Runenwacht – Des Goden Werk

Runenwacht - Des Goden Werk

Mit „Des Goden Werk“ (2015) liefern die Baden-Würtemberger Schwarzheimer Runenwacht das 2. Album seit ihrer Gründung (2011) und die dritte Veröffentlichung in 3 Jahren. Mit seinen 8 Songs kommt die Scheibe auf gut 34 Minuten feinsten Untergrund Black Metal.

Ruppig und rau ist der Sound des Albums, das von Blast Beats und kratzigen Riffs geprägt ist. Trotz all der Härte schafft es das Quartett allerdings feine Pagan Metal Melodie in den Hintergrund zu schmuggeln, die den Gesamtsound maßgeblich mitprägen und den Kopf zum taktvollen mitnicken bewegen. Darauf legen sich die oft mehrstimmigen Vocals (vordergründige Screams gepaart mit im Hintergrund agierenden verzerrten Growls), die dem Album eine zusätzliche rohe Note verleihen und den Kontrast zwischen rohem Black Metal und filigranen Pagan-Melodien weiter verstärken. „Goldner Hirsch und Goldner Löwe“ avanciert durch seinen erhöhten Pagan-Faktor im Laufe des Hördurchlaufs zur stärksten Partynummer des Albums, während der Rest eher roh und kompromisslos voranprescht.
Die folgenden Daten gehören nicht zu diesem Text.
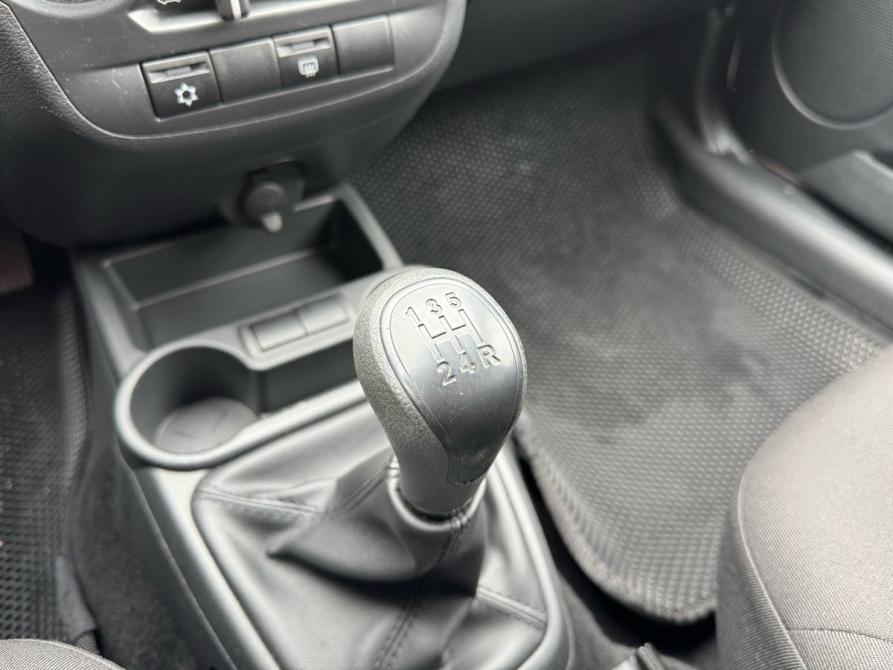 Lada (ВАЗ) Granta I Рестайлинг Сызрань  - изображение 12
Innovation? Wozu? Runenwacht schreddert traditionsbewusst und mit viel Leidenschaft ihren Black Metal runter, dass es Spaß macht ihnen zuzuhören.

Auf „Des Goden Werk“ präsentieren die Mannen von Runenwacht wie sich räudiger Black Metal anhören muss um beim Hören kollektives Kopfnicken auszulösen und die ein oder andere Überraschung zu finden.